### TASK GOAL
The full set of entries below, restated word for word and stripped of images, is the expected result.

####################

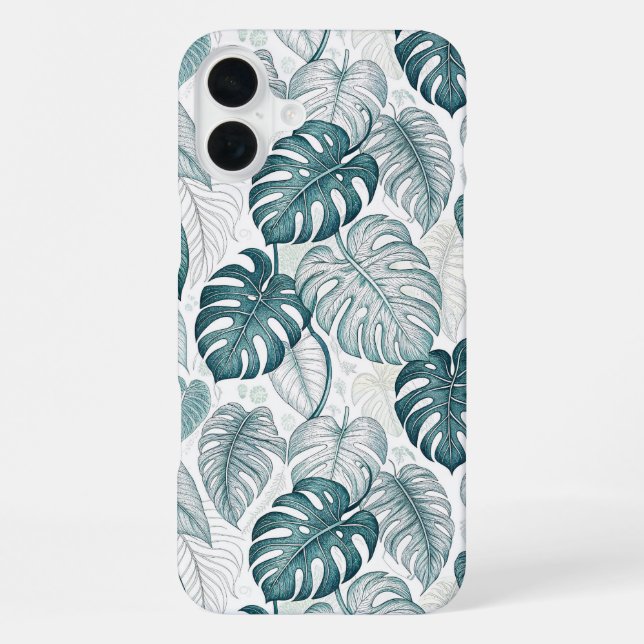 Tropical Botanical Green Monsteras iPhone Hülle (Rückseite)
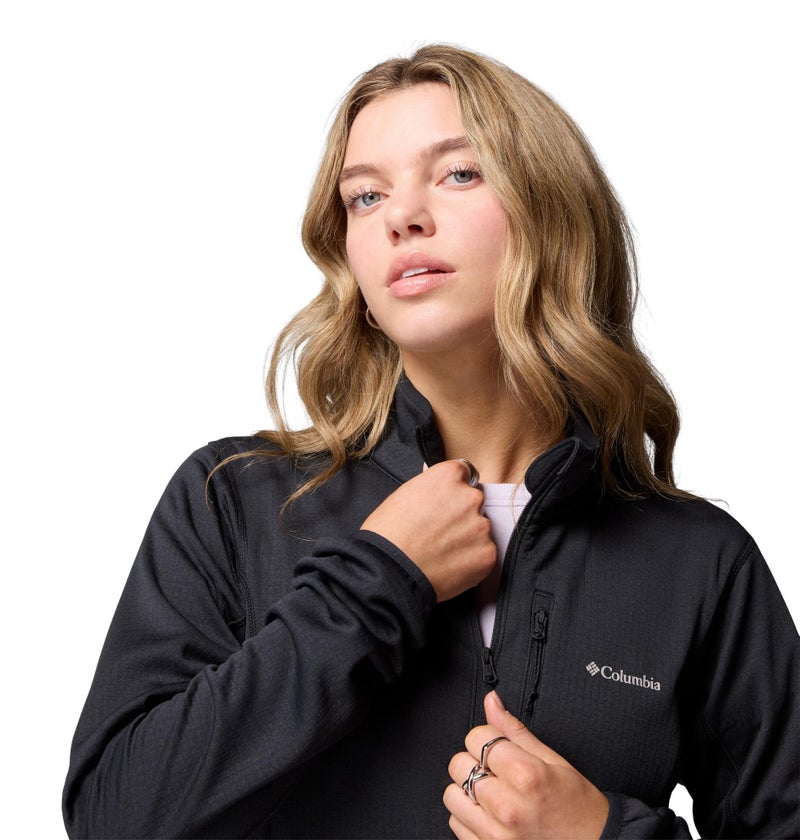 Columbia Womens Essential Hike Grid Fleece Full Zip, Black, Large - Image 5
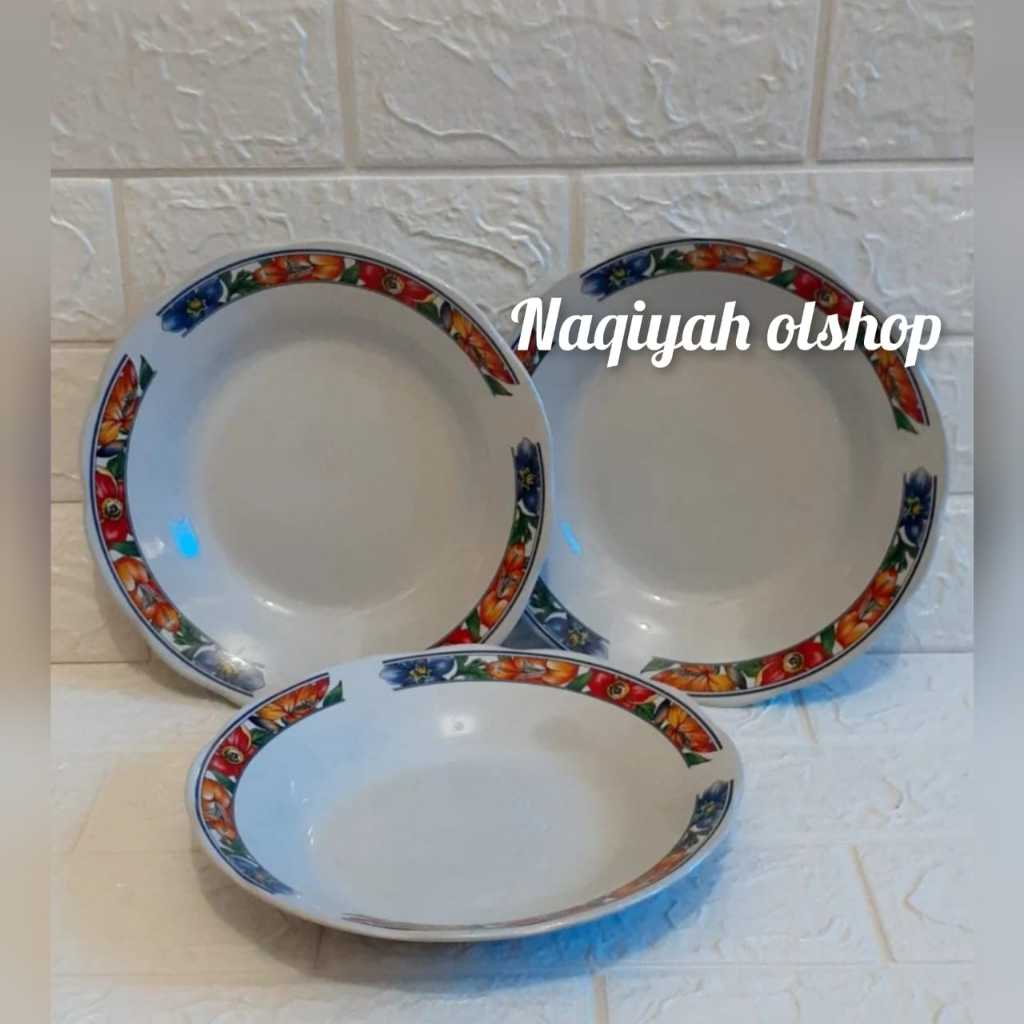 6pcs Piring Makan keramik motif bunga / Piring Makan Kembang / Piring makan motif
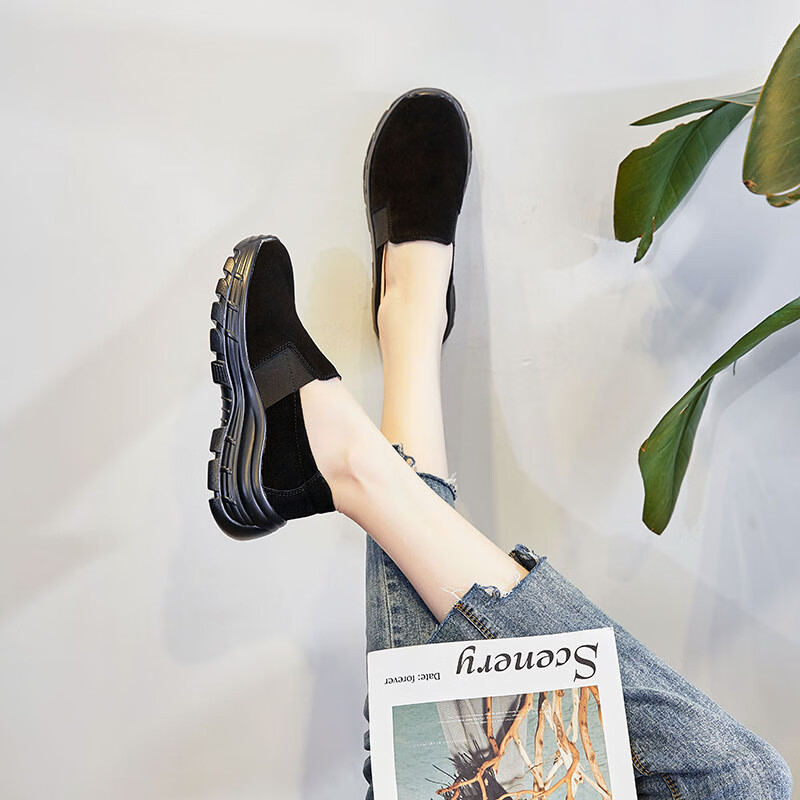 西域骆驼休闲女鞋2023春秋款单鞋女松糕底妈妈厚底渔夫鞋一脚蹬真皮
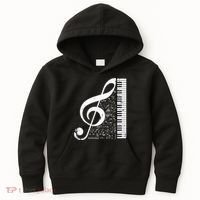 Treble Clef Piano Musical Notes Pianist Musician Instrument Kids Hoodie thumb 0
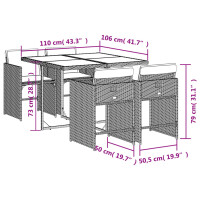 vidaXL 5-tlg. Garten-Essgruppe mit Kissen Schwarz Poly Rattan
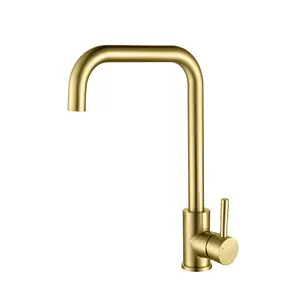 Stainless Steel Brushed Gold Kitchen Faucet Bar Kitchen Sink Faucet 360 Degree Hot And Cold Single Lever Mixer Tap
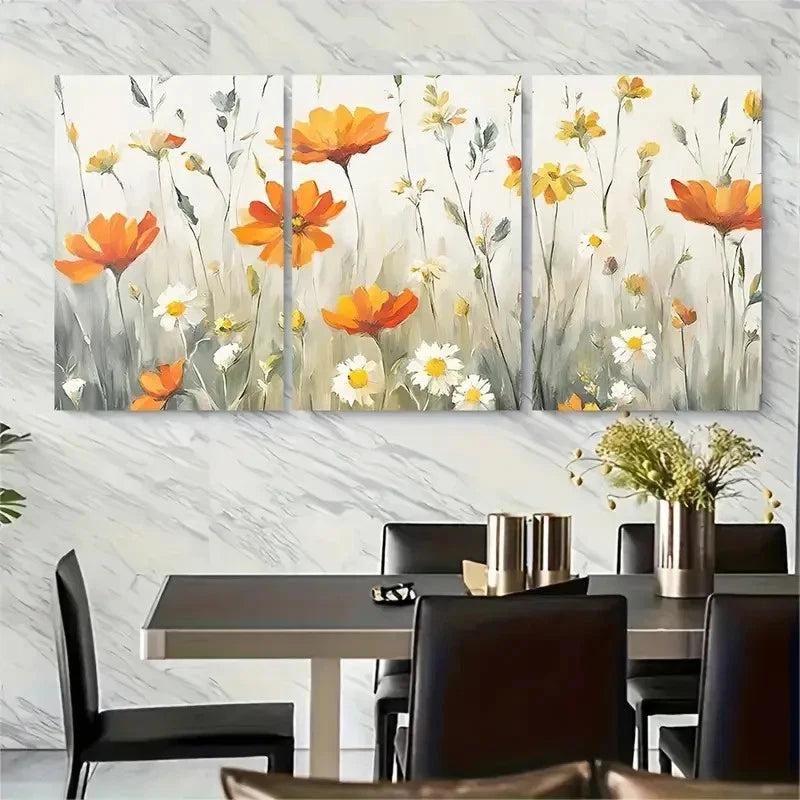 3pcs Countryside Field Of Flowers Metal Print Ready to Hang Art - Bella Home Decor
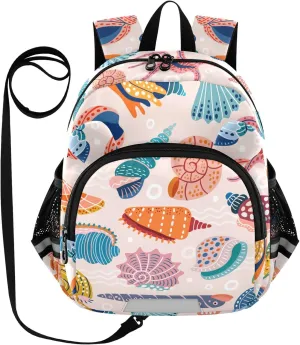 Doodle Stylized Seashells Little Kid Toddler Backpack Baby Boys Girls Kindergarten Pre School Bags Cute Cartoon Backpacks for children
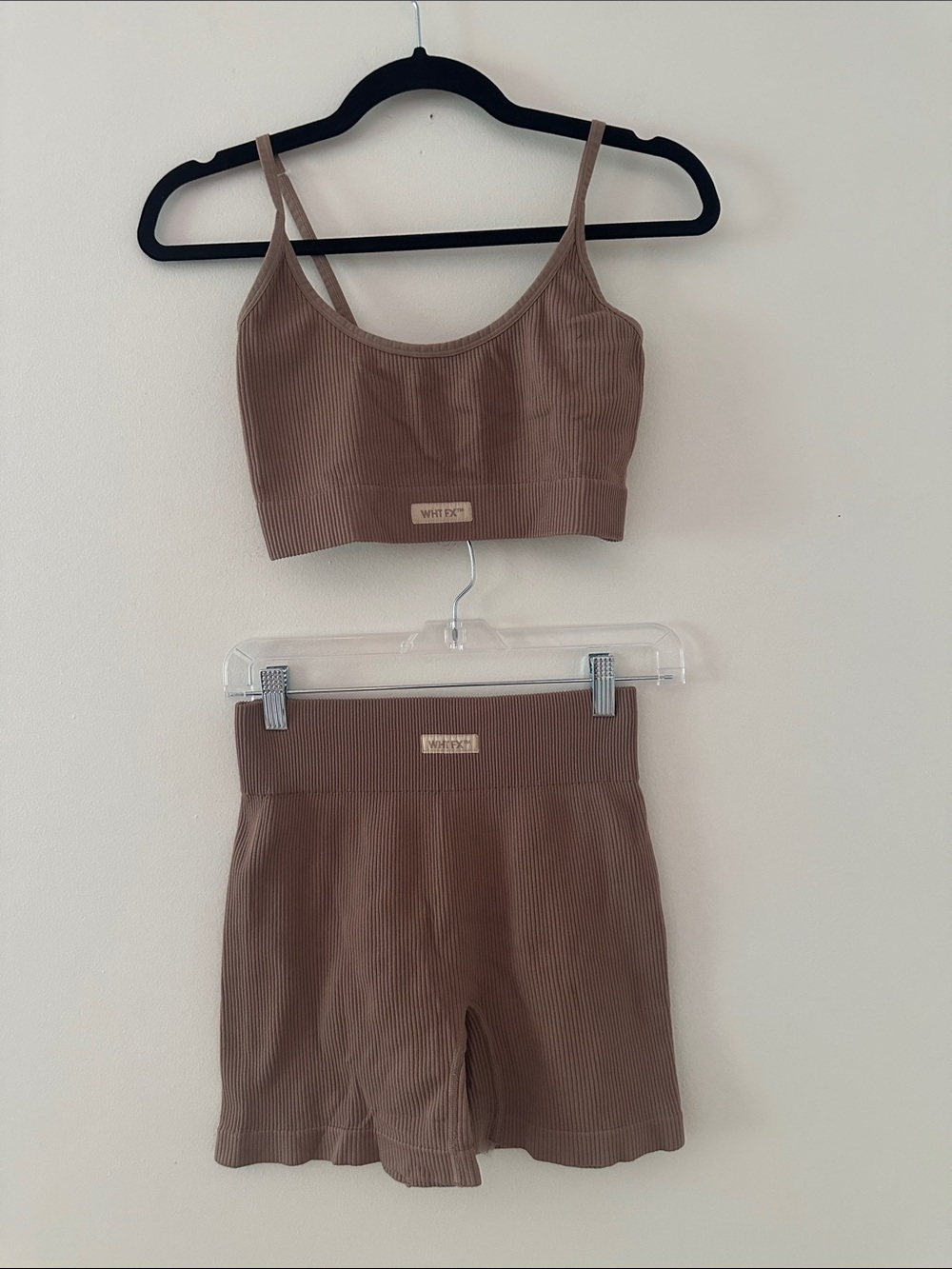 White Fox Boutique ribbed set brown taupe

####################

### PROBLEM SOLUTION
 Tropical Botanical Green Monsteras iPhone Hülle (Rückseite)
 Columbia Womens Essential Hike Grid Fleece Full Zip, Black, Large - Image 5
 6pcs Piring Makan keramik motif bunga / Piring Makan Kembang / Piring makan motif
 西域骆驼休闲女鞋2023春秋款单鞋女松糕底妈妈厚底渔夫鞋一脚蹬真皮
 Treble Clef Piano Musical Notes Pianist Musician Instrument Kids Hoodie thumb 0
 vidaXL 5-tlg. Garten-Essgruppe mit Kissen Schwarz Poly Rattan
 Stainless Steel Brushed Gold Kitchen Faucet Bar Kitchen Sink Faucet 360 Degree Hot And Cold Single Lever Mixer Tap
 3pcs Countryside Field Of Flowers Metal Print Ready to Hang Art - Bella Home Decor
 Doodle Stylized Seashells Little Kid Toddler Backpack Baby Boys Girls Kindergarten Pre School Bags Cute Cartoon Backpacks for children
 White Fox Boutique ribbed set brown taupe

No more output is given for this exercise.